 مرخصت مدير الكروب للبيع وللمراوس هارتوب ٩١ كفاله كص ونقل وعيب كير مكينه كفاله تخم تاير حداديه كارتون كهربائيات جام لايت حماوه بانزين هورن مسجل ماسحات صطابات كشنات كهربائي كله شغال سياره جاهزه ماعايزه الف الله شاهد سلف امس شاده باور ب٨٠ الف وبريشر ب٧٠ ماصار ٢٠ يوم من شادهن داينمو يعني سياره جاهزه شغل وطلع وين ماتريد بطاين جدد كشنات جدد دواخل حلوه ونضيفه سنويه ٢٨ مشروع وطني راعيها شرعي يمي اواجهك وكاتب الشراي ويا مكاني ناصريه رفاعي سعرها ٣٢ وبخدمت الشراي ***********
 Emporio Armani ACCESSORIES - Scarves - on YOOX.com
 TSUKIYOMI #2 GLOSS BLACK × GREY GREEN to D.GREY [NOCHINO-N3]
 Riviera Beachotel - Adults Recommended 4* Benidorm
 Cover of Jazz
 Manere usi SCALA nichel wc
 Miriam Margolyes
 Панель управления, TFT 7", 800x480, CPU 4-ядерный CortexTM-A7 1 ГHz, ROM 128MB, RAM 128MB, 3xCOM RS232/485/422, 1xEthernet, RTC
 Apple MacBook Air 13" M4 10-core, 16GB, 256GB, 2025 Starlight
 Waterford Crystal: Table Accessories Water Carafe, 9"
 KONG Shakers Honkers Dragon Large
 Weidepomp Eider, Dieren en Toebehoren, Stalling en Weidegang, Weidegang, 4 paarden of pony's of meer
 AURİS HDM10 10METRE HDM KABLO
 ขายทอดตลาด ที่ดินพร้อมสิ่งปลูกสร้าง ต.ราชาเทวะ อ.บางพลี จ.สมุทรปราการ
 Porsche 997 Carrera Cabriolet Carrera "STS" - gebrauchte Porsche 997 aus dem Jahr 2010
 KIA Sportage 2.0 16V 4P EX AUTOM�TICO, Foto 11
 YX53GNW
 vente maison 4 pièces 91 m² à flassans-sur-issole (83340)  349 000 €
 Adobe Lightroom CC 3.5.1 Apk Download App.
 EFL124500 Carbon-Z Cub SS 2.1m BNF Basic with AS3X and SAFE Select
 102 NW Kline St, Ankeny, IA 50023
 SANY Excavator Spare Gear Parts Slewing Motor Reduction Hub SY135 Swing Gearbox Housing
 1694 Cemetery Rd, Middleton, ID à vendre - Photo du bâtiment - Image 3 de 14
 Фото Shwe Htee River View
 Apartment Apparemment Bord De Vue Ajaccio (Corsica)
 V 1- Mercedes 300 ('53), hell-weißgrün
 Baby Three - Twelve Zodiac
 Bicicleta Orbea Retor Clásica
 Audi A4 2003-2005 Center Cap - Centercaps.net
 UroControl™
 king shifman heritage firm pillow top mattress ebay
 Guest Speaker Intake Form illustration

****************

* [YOUR TASK]: Your answer must be the complete data, repeated word for word.

* [FINAL ANSWER]:
 مرخصت مدير الكروب للبيع وللمراوس هارتوب ٩١ كفاله كص ونقل وعيب كير مكينه كفاله تخم تاير حداديه كارتون كهربائيات جام لايت حماوه بانزين هورن مسجل ماسحات صطابات كشنات كهربائي كله شغال سياره جاهزه ماعايزه الف الله شاهد سلف امس شاده باور ب٨٠ الف وبريشر ب٧٠ ماصار ٢٠ يوم من شادهن داينمو يعني سياره جاهزه شغل وطلع وين ماتريد بطاين جدد كشنات جدد دواخل حلوه ونضيفه سنويه ٢٨ مشروع وطني راعيها شرعي يمي اواجهك وكاتب الشراي ويا مكاني ناصريه رفاعي سعرها ٣٢ وبخدمت الشراي ***********
 Emporio Armani ACCESSORIES - Scarves - on YOOX.com
 TSUKIYOMI #2 GLOSS BLACK × GREY GREEN to D.GREY [NOCHINO-N3]
 Riviera Beachotel - Adults Recommended 4* Benidorm
 Cover of Jazz
 Manere usi SCALA nichel wc
 Miriam Margolyes
 Панель управления, TFT 7", 800x480, CPU 4-ядерный CortexTM-A7 1 ГHz, ROM 128MB, RAM 128MB, 3xCOM RS232/485/422, 1xEthernet, RTC
 Apple MacBook Air 13" M4 10-core, 16GB, 256GB, 2025 Starlight
 Waterford Crystal: Table Accessories Water Carafe, 9"
 KONG Shakers Honkers Dragon Large
 Weidepomp Eider, Dieren en Toebehoren, Stalling en Weidegang, Weidegang, 4 paarden of pony's of meer
 AURİS HDM10 10METRE HDM KABLO
 ขายทอดตลาด ที่ดินพร้อมสิ่งปลูกสร้าง ต.ราชาเทวะ อ.บางพลี จ.สมุทรปราการ
 Porsche 997 Carrera Cabriolet Carrera "STS" - gebrauchte Porsche 997 aus dem Jahr 2010
 KIA Sportage 2.0 16V 4P EX AUTOM�TICO, Foto 11
 YX53GNW
 vente maison 4 pièces 91 m² à flassans-sur-issole (83340)  349 000 €
 Adobe Lightroom CC 3.5.1 Apk Download App.
 EFL124500 Carbon-Z Cub SS 2.1m BNF Basic with AS3X and SAFE Select
 102 NW Kline St, Ankeny, IA 50023
 SANY Excavator Spare Gear Parts Slewing Motor Reduction Hub SY135 Swing Gearbox Housing
 1694 Cemetery Rd, Middleton, ID à vendre - Photo du bâtiment - Image 3 de 14
 Фото Shwe Htee River View
 Apartment Apparemment Bord De Vue Ajaccio (Corsica)
 V 1- Mercedes 300 ('53), hell-weißgrün
 Baby Three - Twelve Zodiac
 Bicicleta Orbea Retor Clásica
 Audi A4 2003-2005 Center Cap - Centercaps.net
 UroControl™
 king shifman heritage firm pillow top mattress ebay
 Guest Speaker Intake Form illustration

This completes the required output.